The older I get, the more I realize that merely co-existing will not be enough.  Like Dr. Suess’s Star-Bellied Sneetches, we fail to recognize that we are ALL Sneetches and at the end of the day our attempts to separate out the people or groups that we feel threatened by or don’t understand is as much folly as the Sneetches bankrupting themselves by trying to maintain their status as “special”.   We are all “special”, and this may be the greatest reason of all why co-existing is a drag.  We are each having an entirely unique experience in this life, and we yearn to somehow share this experience with others; when our attempts to share ourselves get criticized or shut down (“You seem like you’re very self-absorbed”) we tend to withdraw.
And how about when the way we were born (our race, our sex, our sexual orientation) or how we were raised (our religion, our education, our culture) gets criticized?  How does it feel to be criticized for those infamous “circumstances beyond our control”?  We need to do better than to co-exist.   We need to recognize the plain reality that some of us were born with stars on our bellies and some were not, but there will be no peace until we stop attacking each other for our differences.

CO-EXISTING is the greatest challenge of the human condition, and the most important one!  And while fences (healthy boundaries) make “good neighbors”, we cannot build walls to keep each other out.  There will always be another con-man who is happy to profit from our foolishness, our divisiveness, our fear.  But no matter how hard we try to convince ourselves that “the other guy” is the problem, inevitably we must realize that it is our need to have others conform their lives and behaviors to our expectations that is the real problem.  That is the bald truth, and why co-existing is such a drag.

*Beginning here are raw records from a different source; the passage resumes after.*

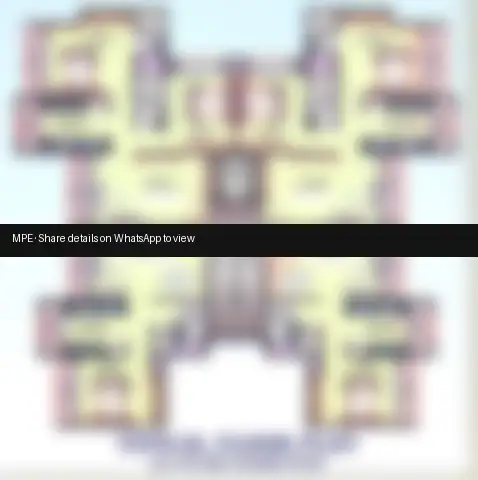 Floor Plan preview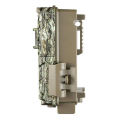 bushnell wildlife camera 30mp dual core camouflage extra photo 2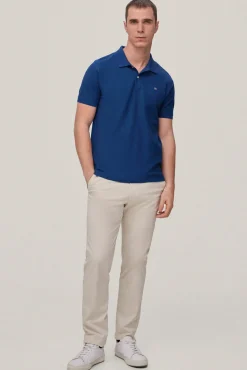 Polo Slim Fit Anti-Olor^Pedro del Hierro Best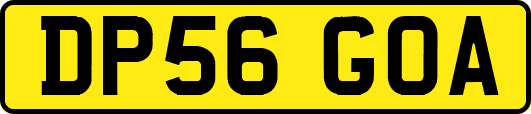 DP56GOA
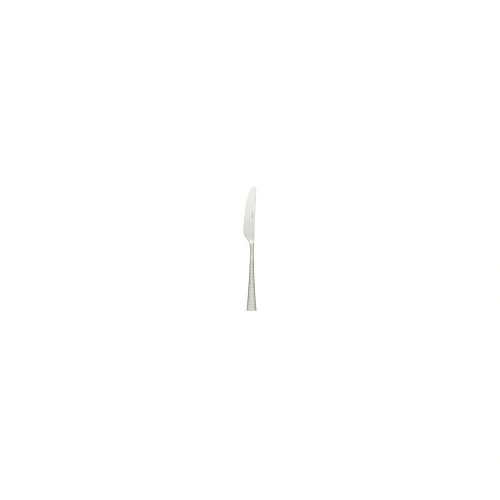 TABLEKRAFT ASWAN DESSERT KNIFE S/ST 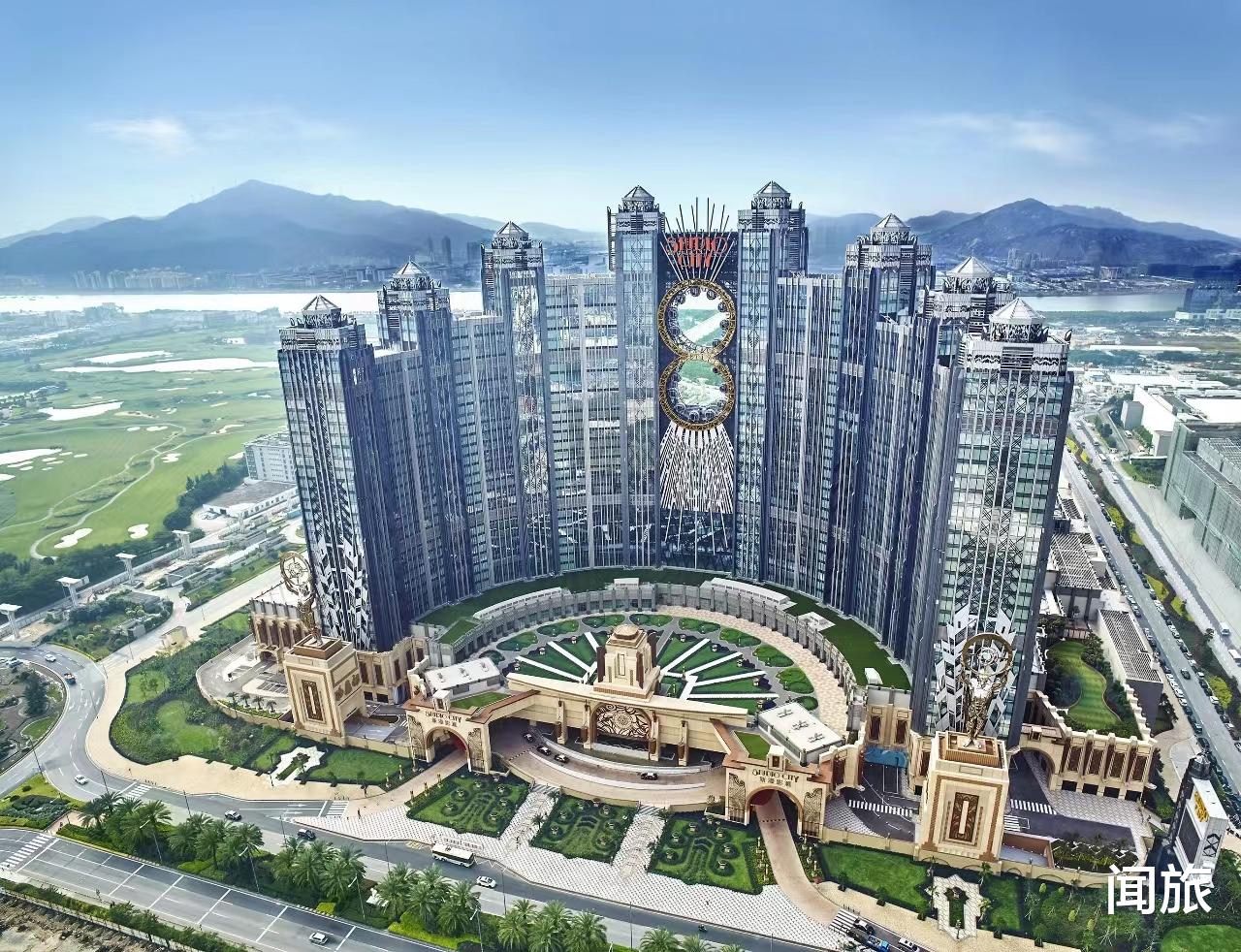 新澳门三期必开一期|全文释义解释落实|0.880597776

When we recognize that 95% of the time it is our reaction (and not “the other guy’s” inciting behavior) that is the problem, we face the reality that peace on earth really does "begin with me".  Only when we are peaceful with ourselves can we co-exist with others gracefully.  So this is the hardest work of all!  Co-exist with every aspect of yourself, the good, the bad and the ugly peacefully and see how dramatically the world seems to change.  Total drag, but it’s the only way—you must be the change you want to see. 

Btw, Ghandi never said that, sorry.  Oh, and eat more kale.  Sorry about that, too.